In theory it should be about the same; the 8-ohm match might be a little punchier because the speaker array is offering less resistance - but who knows whether you would hear a practical difference. The key is to find a match within the amp's "comfort" range. If you have a bad mismatch, the best that will happen is poor sound. The worst - running a low resistance cab with a higher rated amp - is a blown amp. Don't try to mess with it if you need the amp... get a tech to look at it.
As I understand it, you can do a quick mathematical calculation of resistance this way. You can calculate the ohm rating of an array by looking at its components and the manner in which they are wired. For instance, (4) four - ohm speakers can be wired in parallel, in series, or in two arrays of parallel drivers which are then wired in series (or the other way around, I suppose).

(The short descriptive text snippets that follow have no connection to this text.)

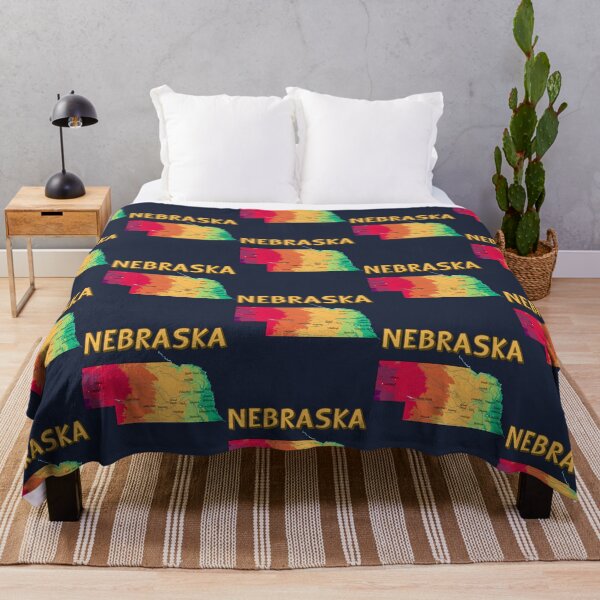 Item preview, Nebraska State Topographic Map - Vibrant Colors designed and sold by mashmosh.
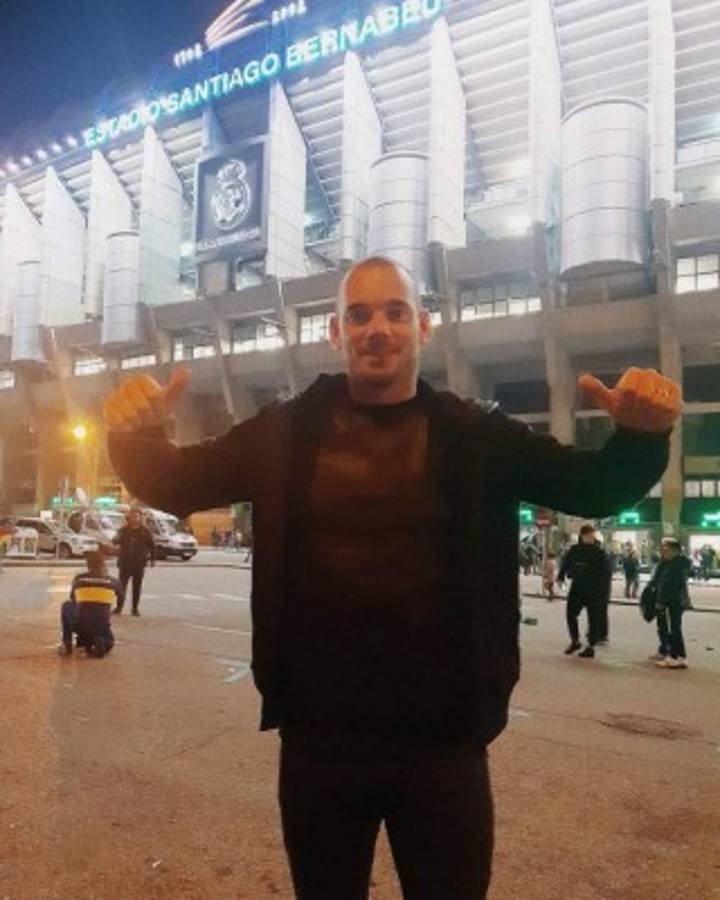 Las personalidades y cracks que llegaron al Bernabéu para el River Plate-Boca Juniors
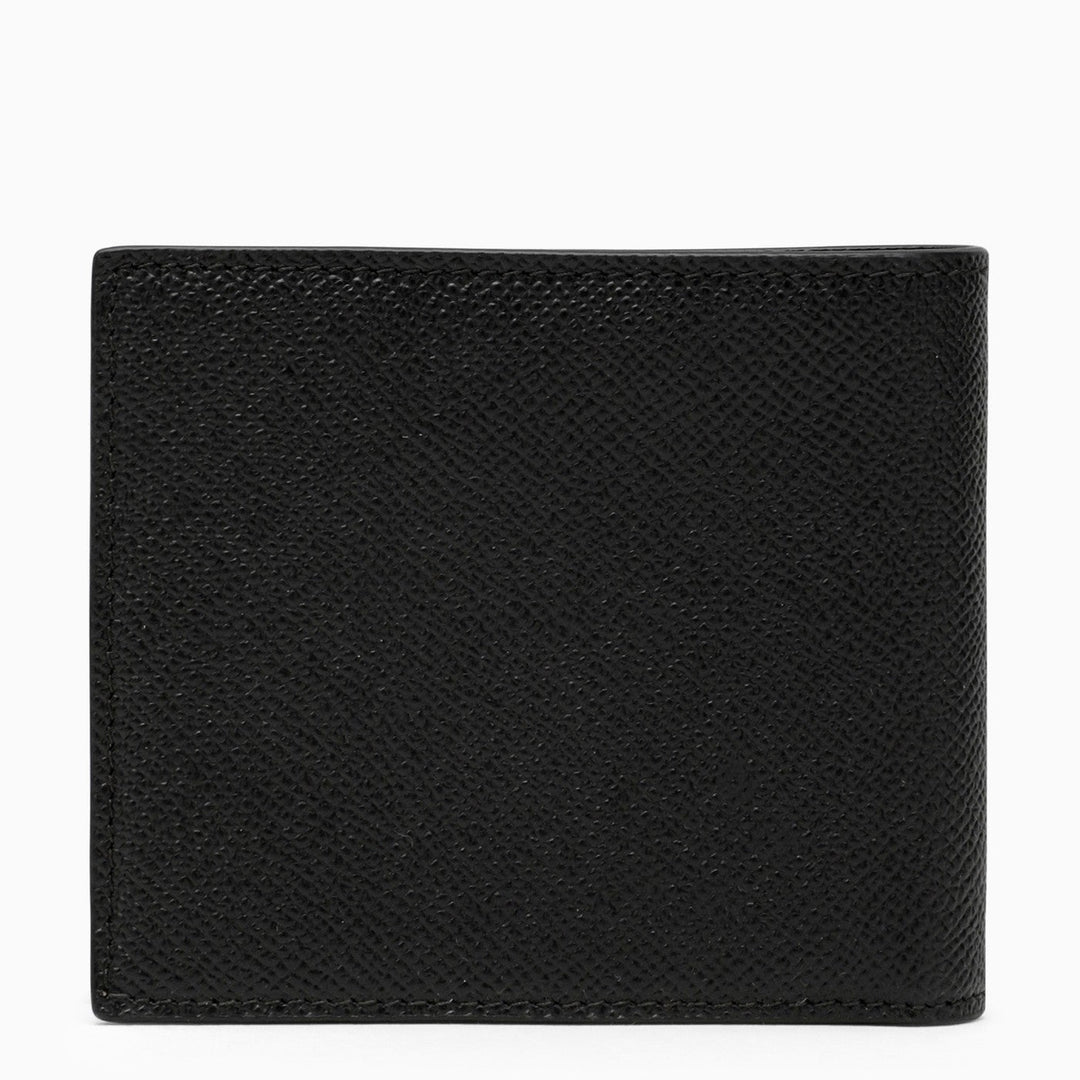Dolce &amp; Gabbana Black Leather Wallet With Logo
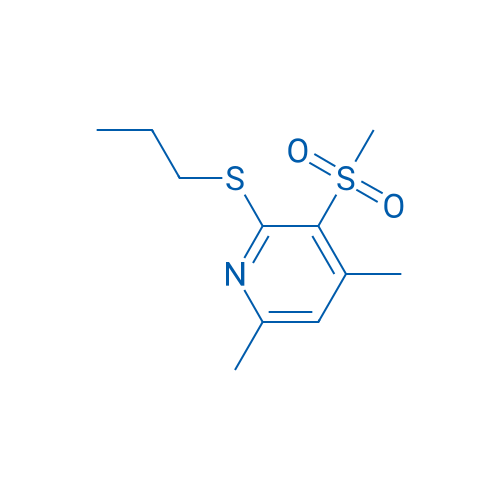 3-Methanesulfonyl-4,6-dimethyl-2-(propylsulfanyl)pyridine 1g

If you are wiring in series, the resistance is additive. So the four speakers wired in series will yield 4 + 4 + 4 + 4 = 16 ohms.
If you wire in parallel, you calculate the resistance as the common denominator reciprocal of the additive ratings. I
think that means that these four speakers wired in parallel would yield 4/4 (or 1/1), the denominator of which is 1: a 1 ohm array. Maybe.
Hard2Hear, help me out here. It's not supposed to get into whole numbers. Maybe we don't have to go there; I don't plan on wiring anything up for a while anyhow... (whew)
Let's try an array of twin drivers wired in parallel. 2/4 = 1/2: 2 ohms. Lets put two of them together in series. 2 ohm array + 2 ohm array + 4 ohms.
Let's try the opposite. Twin drivers wired in series, connected with another identical array: the two of them wired in parallel. 4 + 4 = 8; so each twin driver array is 8 ohms. Wire the arrays in parallel and you get 1/8 + 1/8 = 2/8 = 1/4: Still a 4 ohm array. Huh? Yup. Like a Rubik's cube of sorts.
Now try the same exercise with 8-ohm drivers. You should get in order, the following results:
32 ohms
2 ohms
8 ohms
8 ohms
That is, unless I've got it wrong...
Maybe that's why amps are rated for such a broad range of resistance.